Con il Decreto n. 182 del 2 dicembre 2025 sono state introdotte importanti modifiche alla Legge n. 51 del 20 maggio 2022 in materia di interscambio pallet (cosiddetto “Decreto Ucraina”).
Il nuovo provvedimento definisce finalmente un quadro normativo più chiaro ed efficace sull’interscambio dei pallet, di interesse per tutte le aziende che utilizzano pallet nelle proprie attività.
Le nuove disposizioni si applicano ai pallet standardizzati e interscambiabili impiegati per la produzione, lo stoccaggio, la movimentazione e il trasporto delle merci su tutto il territorio nazionale.
Sono state aggiornate le definizioni utili ai fini del sistema di interscambio, con particolare attenzione:
alle diverse tipologie di pallet;
ai requisiti dei “sistemi pallet”.
I sistemi pallet devono:
definire le caratteristiche tecniche di produzione e riparazione dei pallet interscambiabili;
adottare una metodologia per il calcolo del valore medio di mercato dei pallet.
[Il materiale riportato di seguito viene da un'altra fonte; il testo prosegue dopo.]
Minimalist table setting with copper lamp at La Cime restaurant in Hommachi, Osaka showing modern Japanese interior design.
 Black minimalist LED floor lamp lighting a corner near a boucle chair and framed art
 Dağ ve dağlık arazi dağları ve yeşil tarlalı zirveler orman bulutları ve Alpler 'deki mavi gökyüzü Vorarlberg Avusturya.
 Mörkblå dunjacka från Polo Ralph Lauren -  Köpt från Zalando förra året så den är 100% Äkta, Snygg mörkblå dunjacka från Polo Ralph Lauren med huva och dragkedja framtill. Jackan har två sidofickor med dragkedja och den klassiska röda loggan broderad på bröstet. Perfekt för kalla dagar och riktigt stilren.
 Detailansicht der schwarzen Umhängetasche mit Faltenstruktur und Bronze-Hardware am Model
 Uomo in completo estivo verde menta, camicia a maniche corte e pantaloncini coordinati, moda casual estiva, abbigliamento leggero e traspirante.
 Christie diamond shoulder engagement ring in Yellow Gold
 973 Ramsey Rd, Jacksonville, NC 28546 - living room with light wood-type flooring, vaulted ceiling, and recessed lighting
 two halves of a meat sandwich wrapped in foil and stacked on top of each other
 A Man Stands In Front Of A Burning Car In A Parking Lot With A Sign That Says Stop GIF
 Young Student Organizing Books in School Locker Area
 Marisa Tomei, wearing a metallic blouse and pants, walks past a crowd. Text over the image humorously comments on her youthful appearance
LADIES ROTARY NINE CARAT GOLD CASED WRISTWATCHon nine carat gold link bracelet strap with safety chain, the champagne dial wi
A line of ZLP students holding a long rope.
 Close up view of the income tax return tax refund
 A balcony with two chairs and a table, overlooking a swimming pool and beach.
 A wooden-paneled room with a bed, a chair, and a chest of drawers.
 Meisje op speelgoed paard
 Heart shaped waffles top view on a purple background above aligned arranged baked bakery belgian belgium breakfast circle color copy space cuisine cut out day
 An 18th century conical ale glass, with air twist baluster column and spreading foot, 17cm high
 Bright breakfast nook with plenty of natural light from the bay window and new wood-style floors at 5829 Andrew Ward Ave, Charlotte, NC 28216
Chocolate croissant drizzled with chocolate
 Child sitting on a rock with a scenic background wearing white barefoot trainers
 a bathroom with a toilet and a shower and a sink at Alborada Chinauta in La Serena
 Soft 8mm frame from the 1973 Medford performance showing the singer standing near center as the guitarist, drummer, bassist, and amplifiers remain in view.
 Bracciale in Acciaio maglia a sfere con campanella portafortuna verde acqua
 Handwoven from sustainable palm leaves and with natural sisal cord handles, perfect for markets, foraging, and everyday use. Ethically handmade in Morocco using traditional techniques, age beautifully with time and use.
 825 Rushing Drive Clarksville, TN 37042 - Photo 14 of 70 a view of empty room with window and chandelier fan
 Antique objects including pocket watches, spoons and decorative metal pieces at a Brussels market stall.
Per quanto riguarda il vettore, viene confermata l’assenza di obbligo nella gestione dei pallet e la non responsabilità per l’eventuale mancata riconsegna.
Il “buono pallet” deve essere sottoscritto dal soggetto obbligato alla restituzione (o da un soggetto terzo incaricato) e deve contenere obbligatoriamente:
Data di emissione
Numero progressivo
Denominazione e dati identificativi del beneficiario
Indicazione di tipologia, quantità e, ove previsto, qualità dei pallet da restituire
Trascorsi 24 mesi dall’entrata in vigore delle nuove disposizioni, sarà valido esclusivamente il buono pallet in formato digitale (non saranno più ammessi voucher o buoni cartacei).
La mancanza anche di uno solo degli elementi obbligatori sopra indicati attribuisce al possessore del pallet il diritto di richiedere immediatamente il pagamento dell’importo equivalente al valore del pallet.
Inoltre, la mancata riconsegna di uno o più pallet entro sei mesi dalla data di emissione del buono comporta l’obbligo di pagamento di un importo pari al valore di mercato di ciascun pallet (determinato secondo i criteri previsti dalla normativa), moltiplicato per il numero dei pallet non restituiti.
In sintesi: avete il diritto di richiedere ai vostri destinatari il pagamento dei pallet non restituiti nei termini previsti.